Om in aanmerking te komen voor aftrek van de betaalde premies moet het buitenlandse verzekeringsbedrijf voldoen aan voorwaarden die door de Minister van Financiën worden gesteld (artikel 3.126, eerste lid, onderdeel c, Wet IB 2001). Ik stel hierbij de volgende cumulatieve voorwaarden:
- —
De professionele aanbieder of uitvoerder moet zijn onderworpen aan overheidstoezicht dat vergelijkbaar is met het toezicht op grond van de Wft.
- —
Het moet gaan om een voortzetting van een lijfrente- of arbeidsongeschiktheidsverzekering, waarvan de strekking overeenkomt met een inkomensvoorziening als bedoeld in afdeling 3.7 Wet IB 2001. Hiervan is alleen sprake als het tijdstip van het aangaan van de buitenlandse overeenkomst is gelegen vóór het ontstaan van de binnenlandse belastingplicht.
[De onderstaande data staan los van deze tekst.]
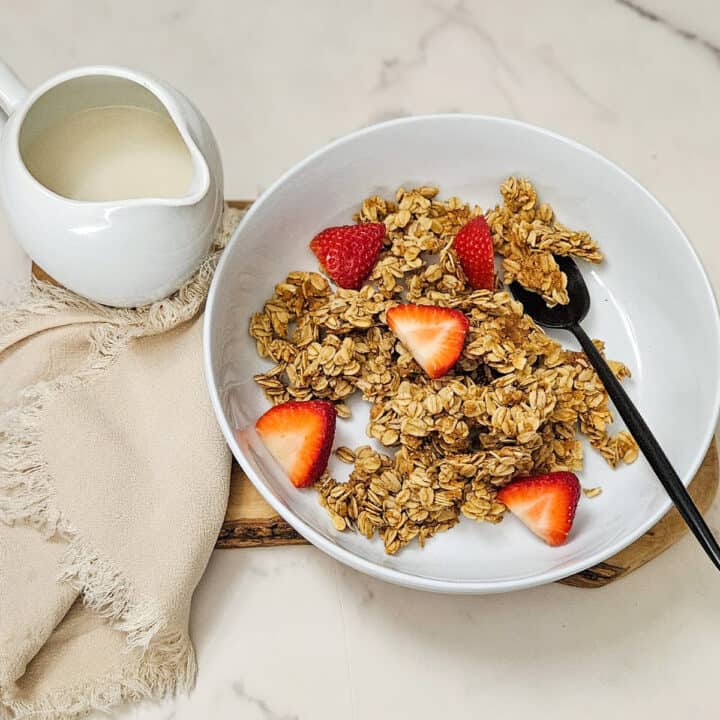 Crunchy homemade granola with fresh strawberries in a white bowl.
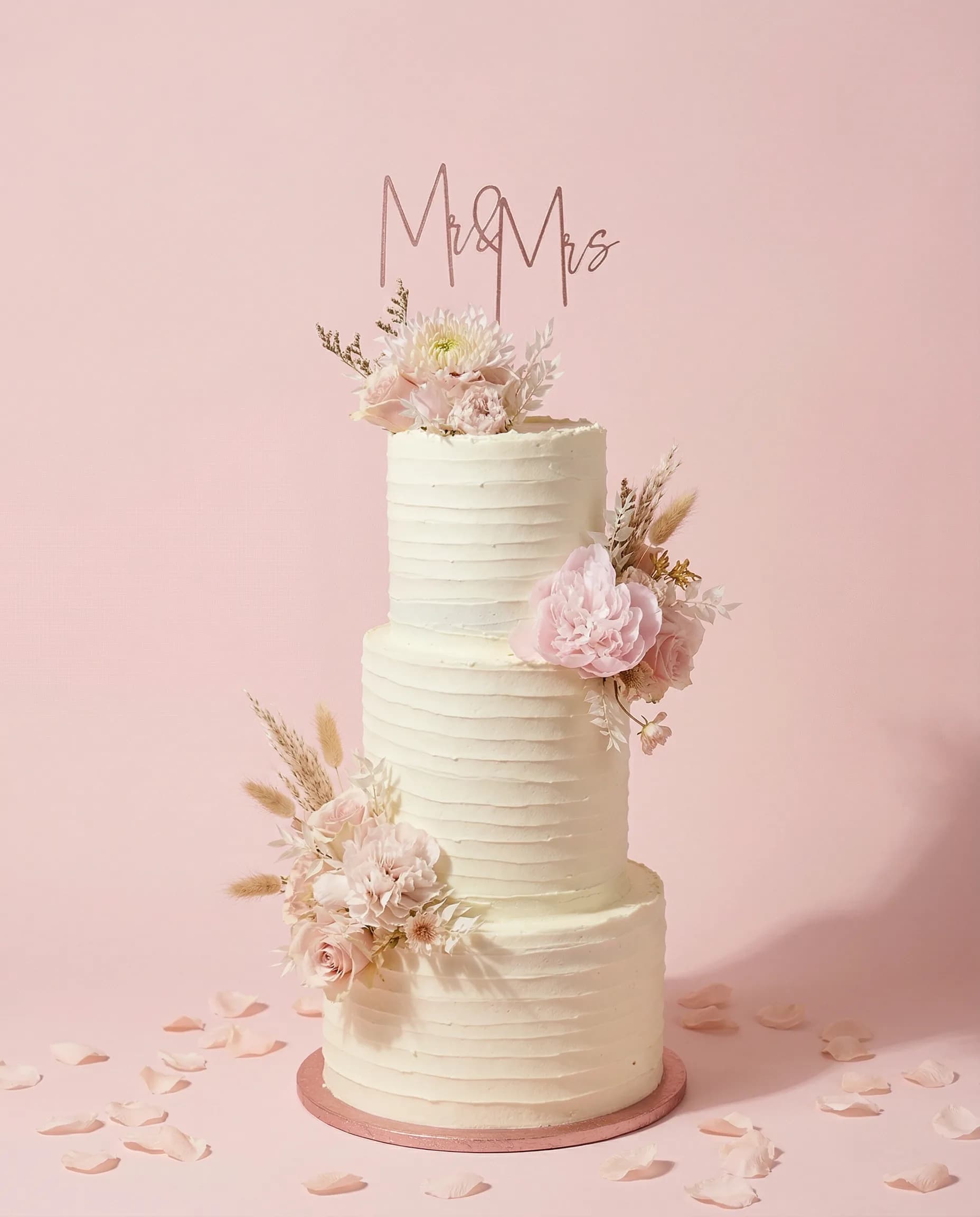 Three-tier ridged buttercream wedding cake with Mr & Mrs topper and pink peonies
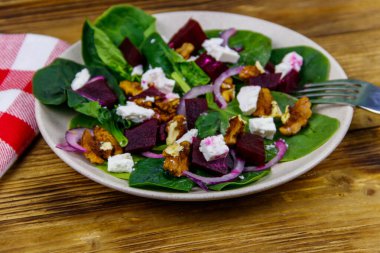 Haşlanmış pancar, peynir, ceviz ve ahşap masada kırmızı soğanlı ıspanak salatası. Sağlıklı vejetaryen yemekleri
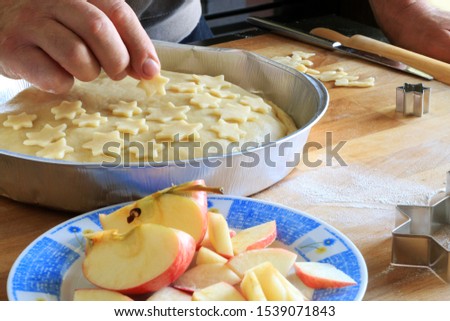 Traditional American homemade Christmas pie. Closeup of man's hands decorating an apple pie dessert with small shortcrust pastry stars
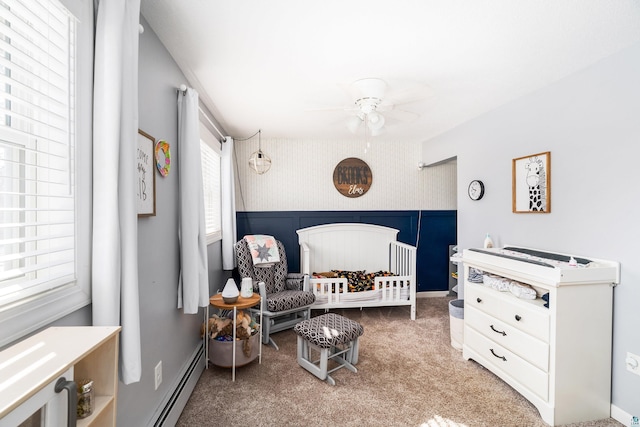 bedroom featuring a baseboard radiator, a nursery area, carpet, and wallpapered walls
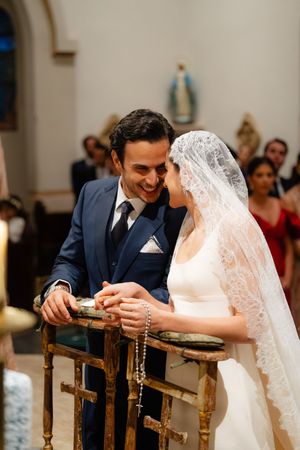 A happy couple shares an intimate moment during their Catholic church wedding ceremony.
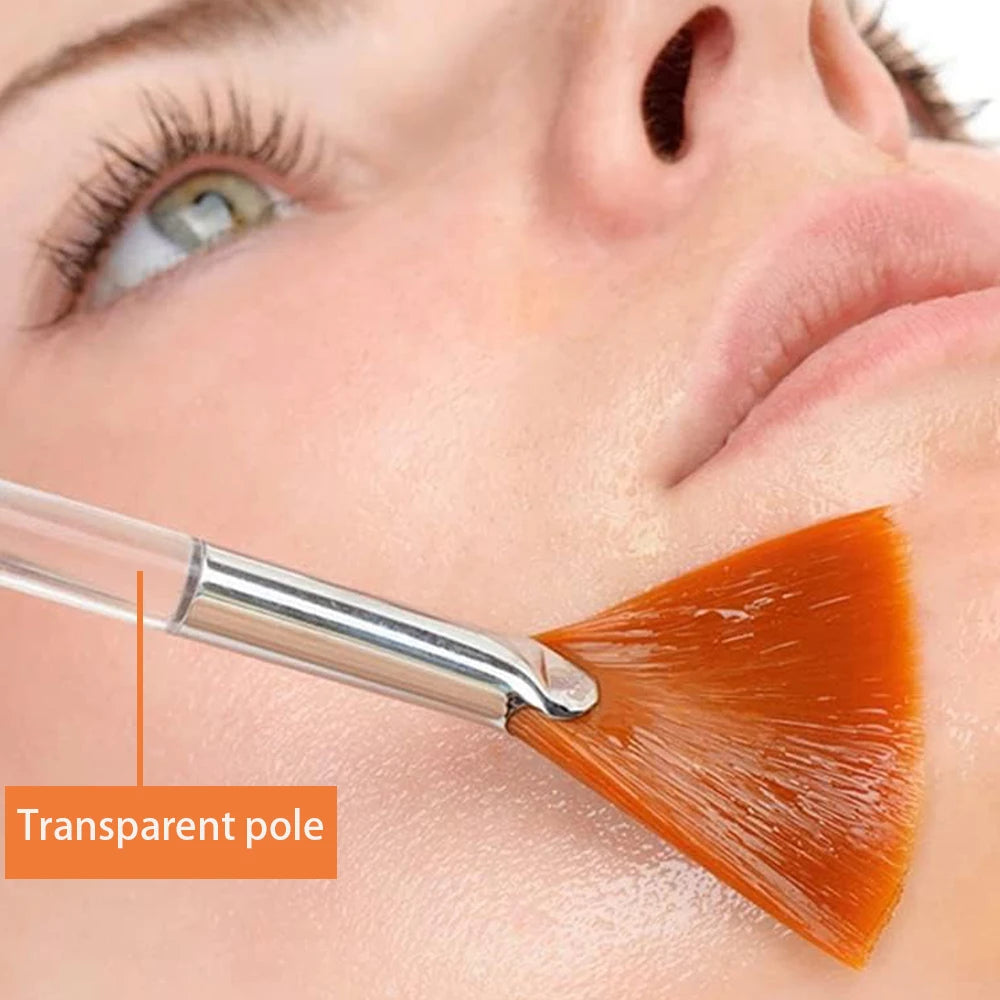 Brosse de masque facial en silicone avec tige transparente et poils orange appliquant le produit sur la peau.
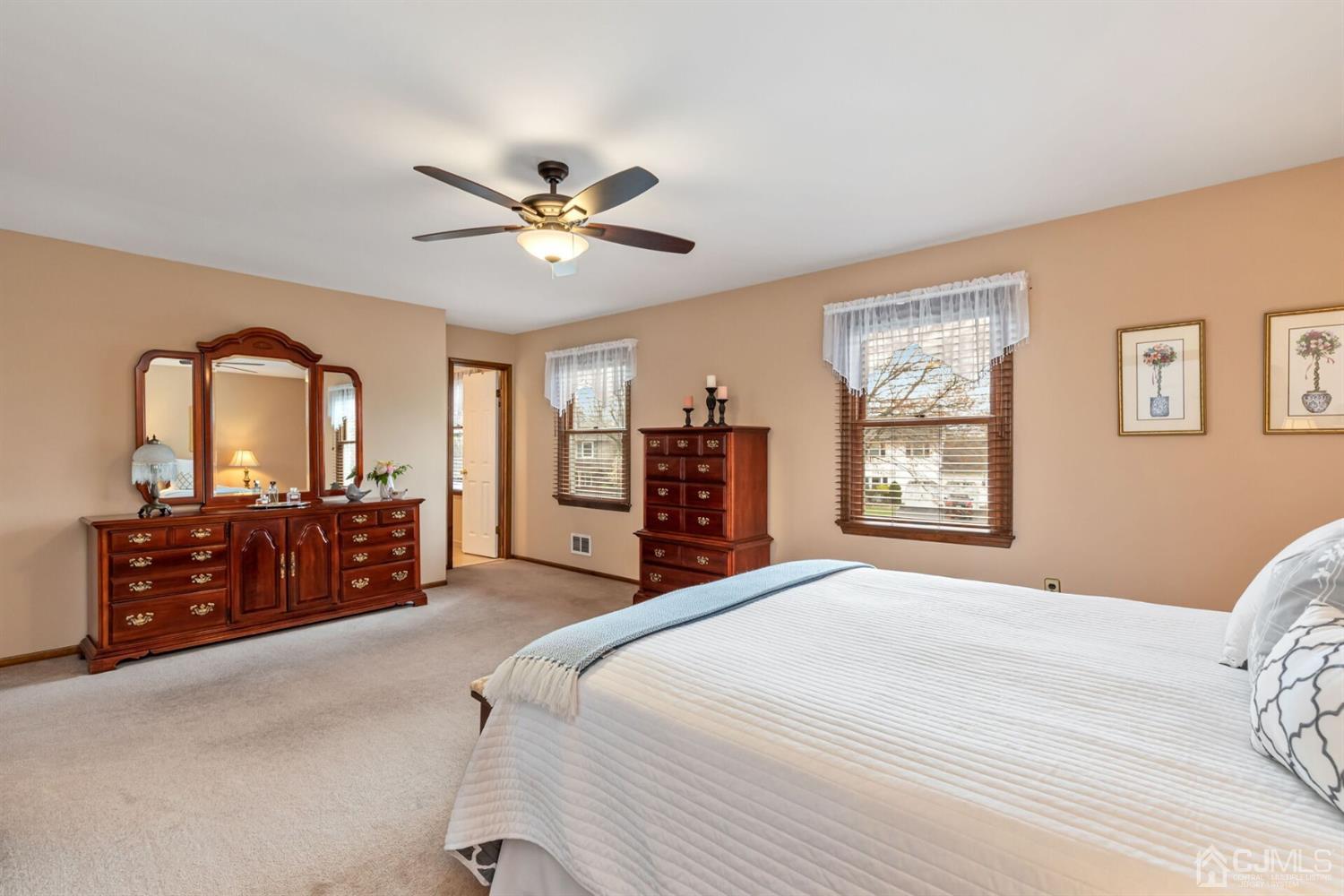 28 Harkins Road Milltown, NJ 08850 - Photo 27 of 46 a bedroom with a large bed and dresser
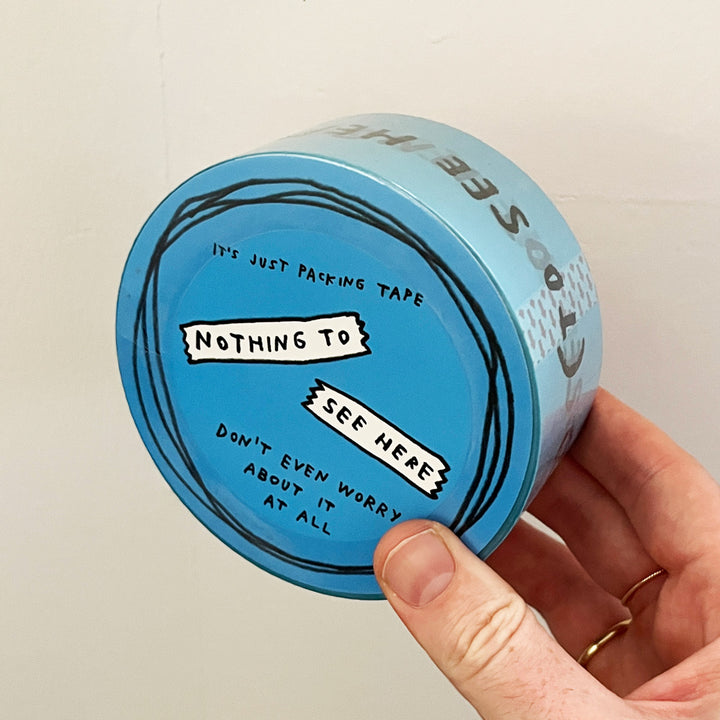 Blue packing tape reads "NOTHING TO SEE HERE" in Adam JK's signature handwriting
Dat brengt onder meer mee dat vóór het ontstaan van de binnenlandse belastingplicht ten minste een periodieke, contractuele premiebetaling moet hebben plaatsgevonden.
De heffing over het in het buitenland opgebouwde deel gebeurt op basis van artikel 3.100, eerste lid, onderdeel c, Wet IB 2001 en met de toepassing van afdeling 3.7 van die wet.
Als een immigrant na het moment van immigratie een lijfrenteovereenkomst sluit, ontbreken voor hem in het eerste jaar van binnenlandse belastingplicht de binnenlandse inkomensbestanddelen in het voorafgaande jaar. Per saldo heeft hij in het jaar van immigratie dan geen jaarruimte.
Redelijke wetstoepassing brengt mee dat de immigrant in het eerste jaar van binnenlandse belastingplicht voor de berekening van zijn premiegrondslag voor de lijfrentepremieaftrek, mag uitgaan van zijn dienovereenkomstige buitenlandse inkomensbestanddelen van het voorafgaande kalenderjaar. Desgevraagd verstrekt de immigrant aan de inspecteur de voor de vaststelling van dat buitenlandse inkomen relevante gegevens.